--- START ---

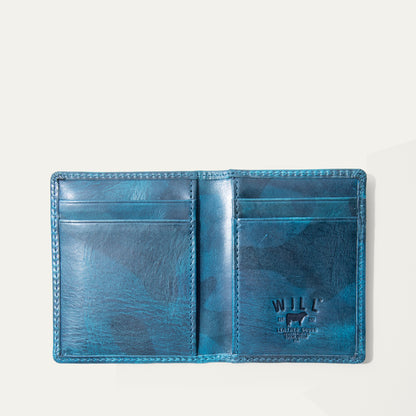 Military Front Pocket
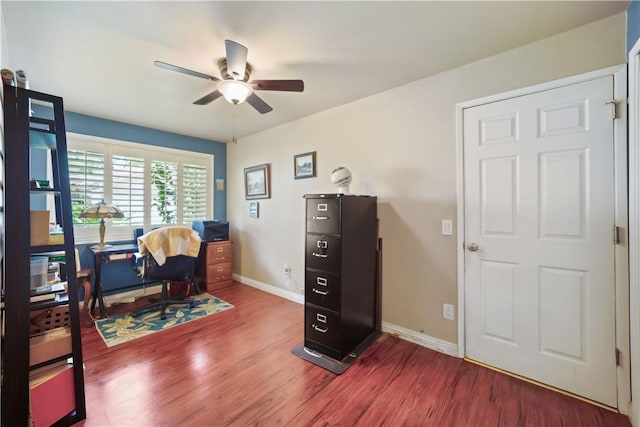 642 Via Zapata, Riverside, CA 92507 - photo 6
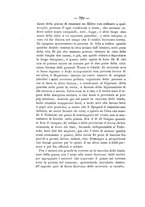 giornale/LO10015850/1893/unico/00000708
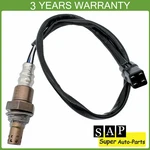 Oxygen Sensor For Yamaha FJ09 MT09 FZ09 Niken XSR900 Tracer 59C-8592A-00-00. Fixed Price $33.29.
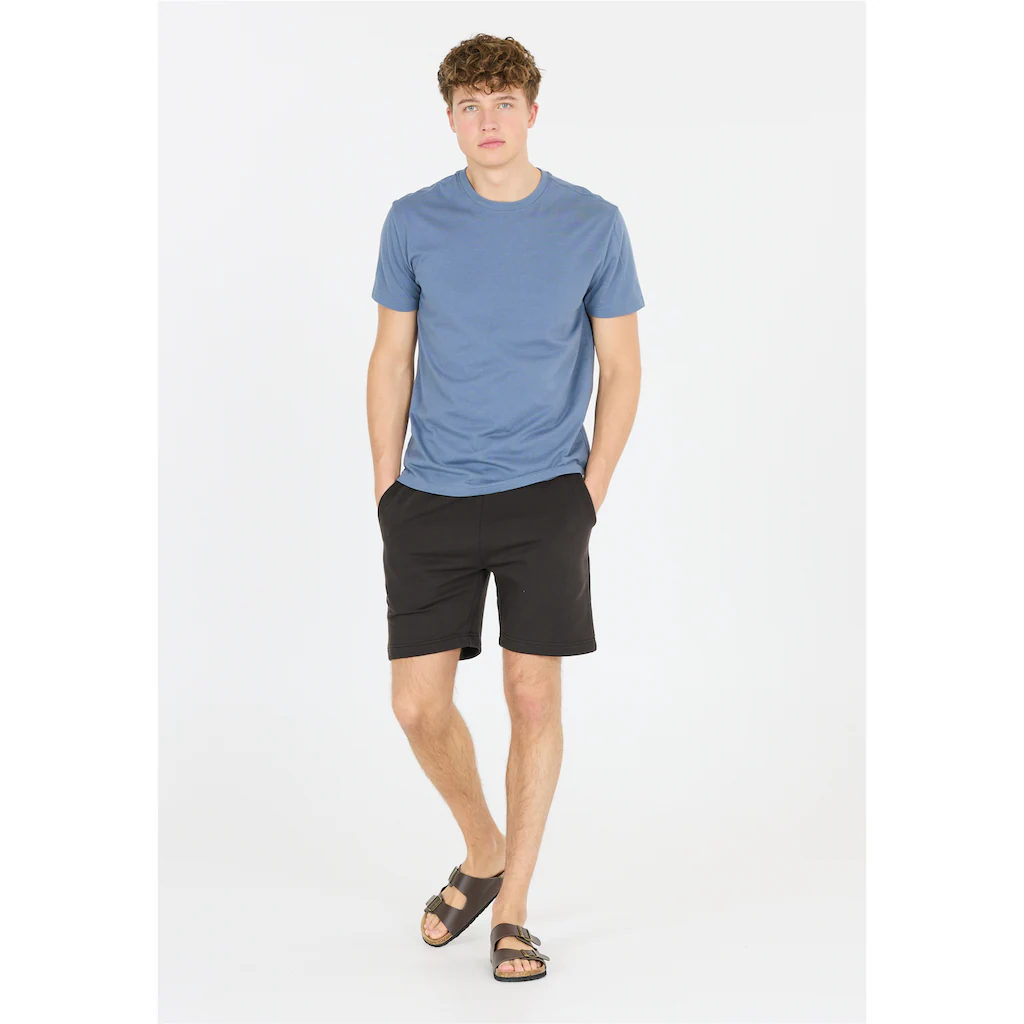 CRUZ Shorts »Rusvil« Mit Verstellbarem Bund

--- END ---

(INSTRUCTIONS FOR THE TASK): Please make an exact copy of the whole listing and leave out its pictures.

(ANSWER TO THIS TASK):
 Military Front Pocket
 642 Via Zapata, Riverside, CA 92507 - photo 6
 giornale/LO10015850/1893/unico/00000708
 Oxygen Sensor For Yamaha FJ09 MT09 FZ09 Niken XSR900 Tracer 59C-8592A-00-00. Fixed Price $33.29.
 CRUZ Shorts »Rusvil« Mit Verstellbarem Bund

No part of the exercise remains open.